Przez chwilę, zacząłem żałować, iż wyrzuciłem z watahy Lotara, Ariona i Maję. Cóż... mimo wszystko, będę miło wspominał czasy dzieciństwa - choć nie zawsze było różowo.
Postanowiłem oddać cześć zmarłym rodzicom. Po rozmowie z Eclipse, uznałem, że zapytanie się członków watahy o radę będzie na miejscu. Tak więc w obieg "pocztą pantoflową" wprowadziłem pytanie: czy Hiacynt i Gaja powinni dostać przydomki pośmiertne?
Tymczasem, zaproponowałem Eclipse wieczorny spacer. Przy okazji, odwiedziliśmy jaskinię Murki i Andreia. Zastaliśmy krępującą sytuację.
Smutna Murka siedząc w kącie jaskini, segregowała jakieś zioła. Była to jedyna spokojna osoba, jaką napotkaliśmy w nieszczęśliwej jaskini w górach.
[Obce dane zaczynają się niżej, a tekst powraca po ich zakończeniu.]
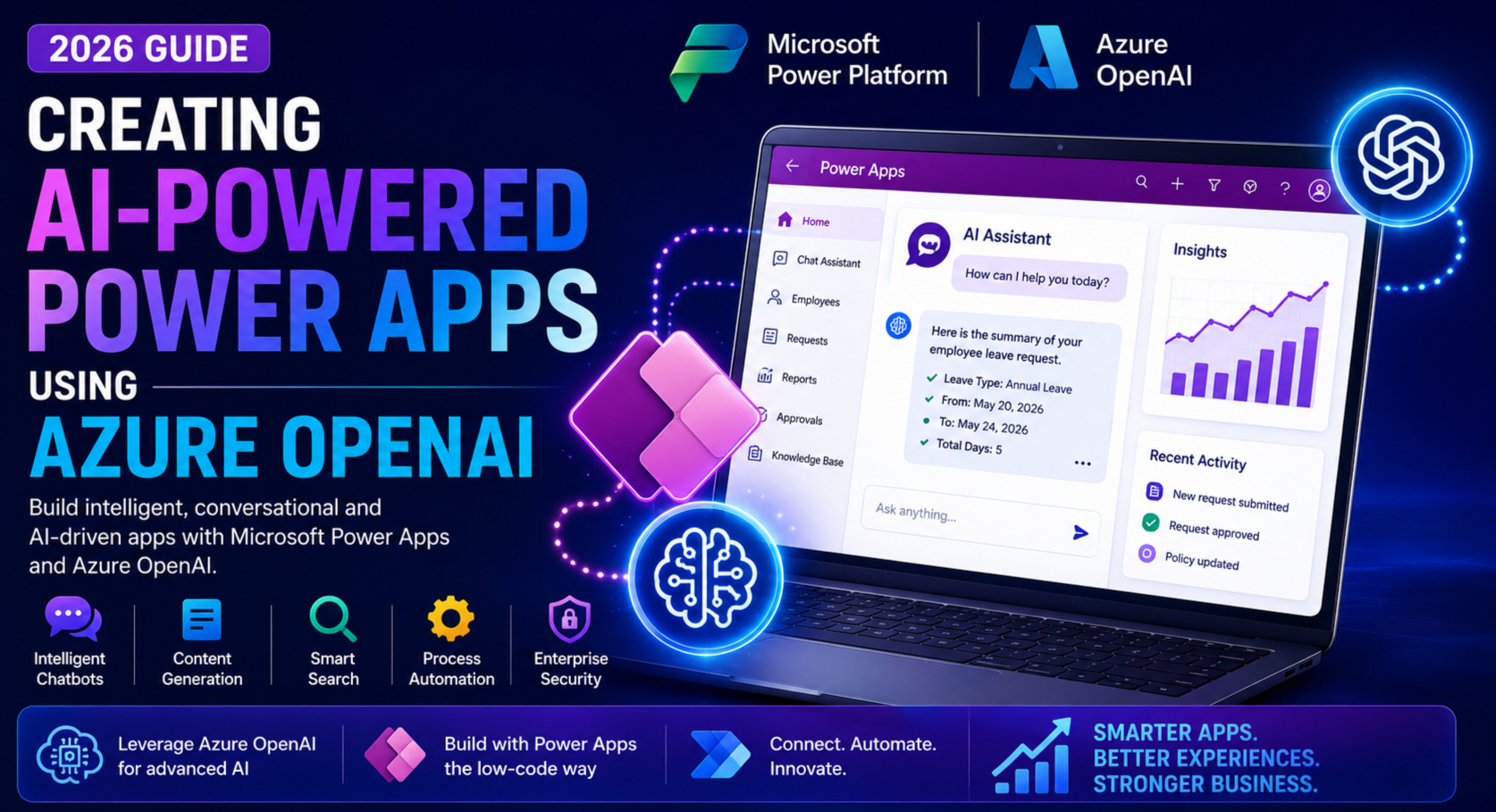 Creating AI-Powered Power Apps Using Azure OpenAI (2026 Guide)
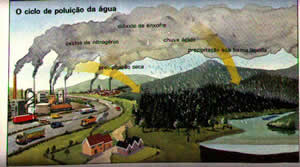 chuva-1 Efeito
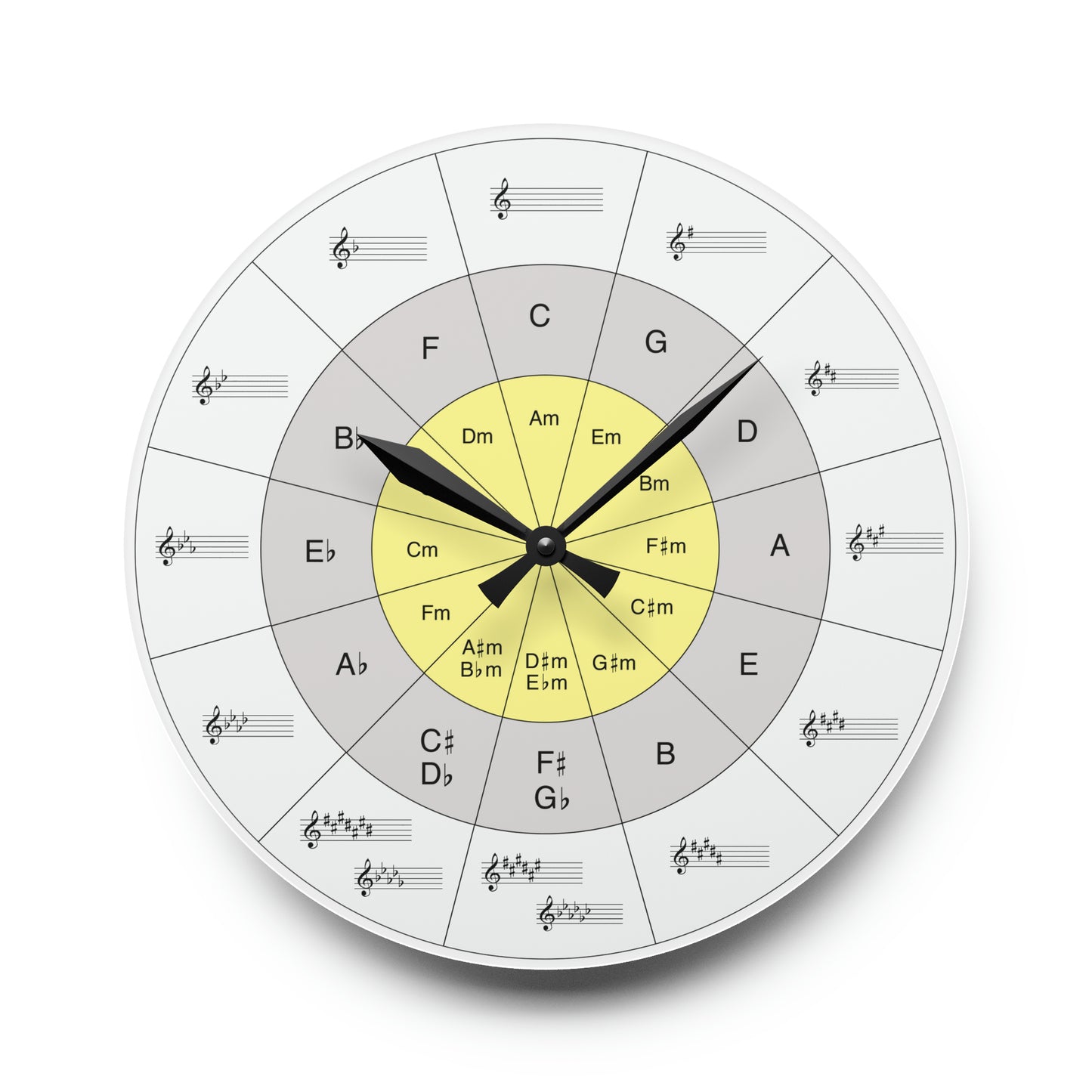 Circle of Fifths Acrylic Wall Clock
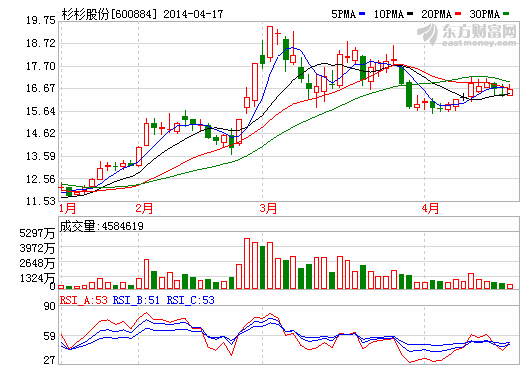 杉杉股份股价走势图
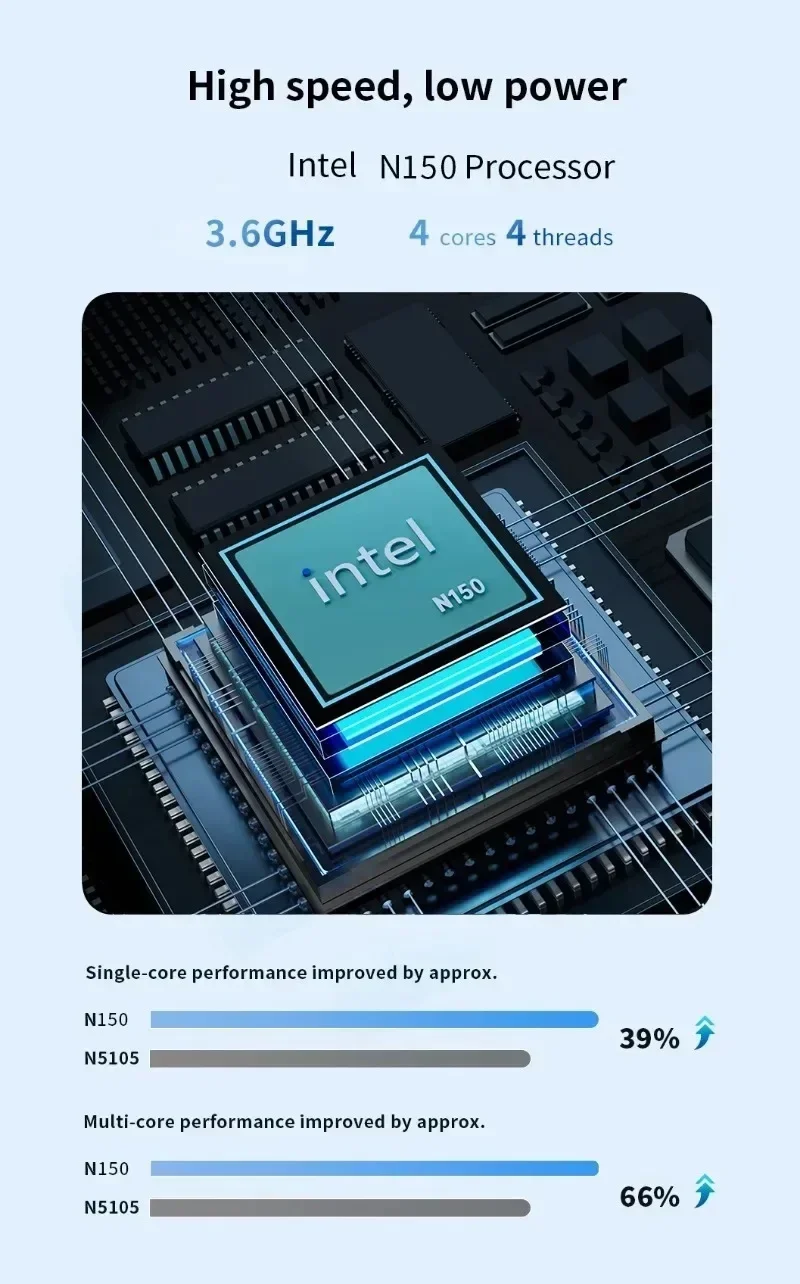 SZBOX 2025 أحدث وحدة المعالجة المركزية N150 ويندوز 11 كمبيوتر صغير DDR4 SSD المزدوج واي فاي 5 BT 4.2 1000M LAN 4K HD الثلاثي عرض VGA ألعاب الكمبيوتر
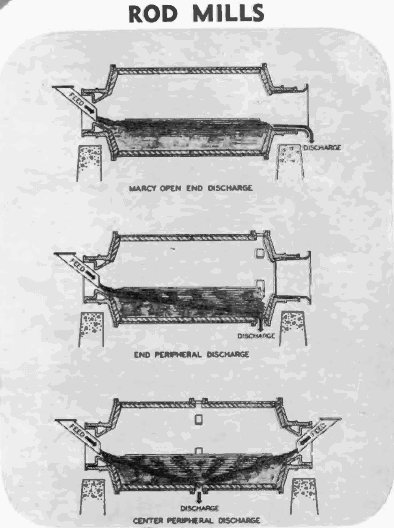 ball-mill-rod-mills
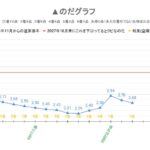 レス4番の画像1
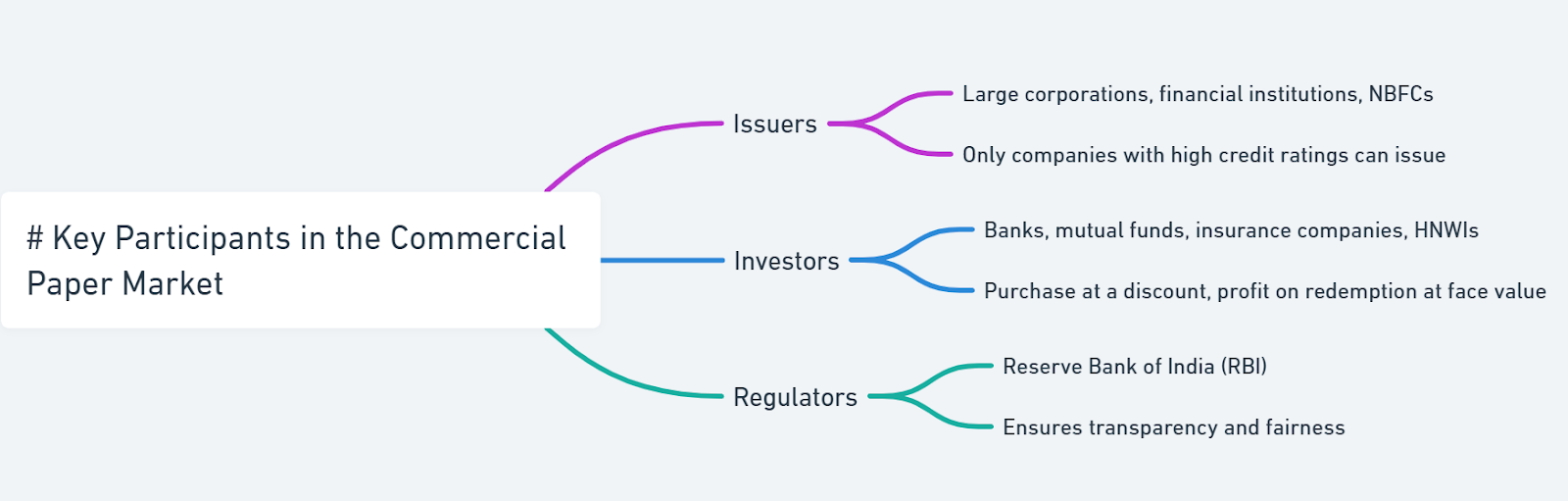 commercial paper market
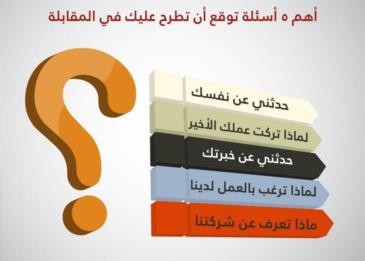 اسئلة مقابلة شخصية واجوبتها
Od kogo zacząć? Andrei krzyczał coś przeraźliwie, skacząc po jaskini i rzucając się na Mundusa , który pomimo ślepoty - chwilowej bądź nie, dosyć sprawnie omijał przeszkody, skacząc i machając skrzydłami. Lerka rozpaczliwie i żałośnie krzycząc, niemal z płaczem próbowała zatrzymać Andreia, stając mu na drodze i podstawiając nogi. Na początku tylko zajrzeliśmy do jaskini, nic nie mówiąc. To, co nastąpiło, zdziwiło mnie niezmiernie. Mundus pierwszy wyczuł naszą obecność. Zatrzymał się i krzyknął:
- Andreiu! Ktoś przyszedł!
Andrei i Lerka zatrzymali się. Popatrzyli na nas, stojących w wyjściu z jaskini. Również Murka podniosła wzrok. Stanąłem prosto, po czym przerwałem ciszę stanowczym chrząknięciem.
- Co ty się dzieje?! - zapytałem.
- Ależ nic, Berylu! - Andrei stanął, jakby zasalutował - przeprowadzam próbę zemsty.
- Jak to? - zapytałem, znacząco poruszając głową i przyjmując postawę wodza - chodzi o Mundusa?
- Jakże inaczej... - Andrei z nienawiścią spojrzał na ptaka stojącego na kamieniu. Lerka i Murka przysłuchiwały się rozmowie.
- A tobie, Andreiu nie przyszło do głowy, że obywatel Mundus jest kaleką?! Że nie m się jak bronić?
- Nie zaczynaj zdania od "że" - wtrąciła cicho Eclipse. To zupełnie zbiło mnie z tropu. Wadera tylko na to czekała:
- Andreiu - powiedziała ciepłym głosem - nie masz prawa tak się zachowywać. Jeśli jeszcze raz natkniemu się na taką sytuację - dotyczącą Mundusa, czy kogokolwiek innego, będziemy musieli wyciągnąć konsekwencje - przerwała.
- Wiedz Andreiu, że moim celem jest bronić słabszych i niepełnosprawnych! Najgorsze jest to, że takie rzeczy z twojej strony zdarzają się tu notorycznie! Możemy wyrzucić cię z WSC, odebrać ci partnerkę i dziecko, złożyć skargę do NIKL'a, a nawet zdegradować do roli szeregowca! - uniosłem się.
- O nie! tego bym nie przeżył... - Andrei cofnął się o krok.
- Ponadto, masz natychmiast przeprosić Mundusa, Lerkę i Murkę!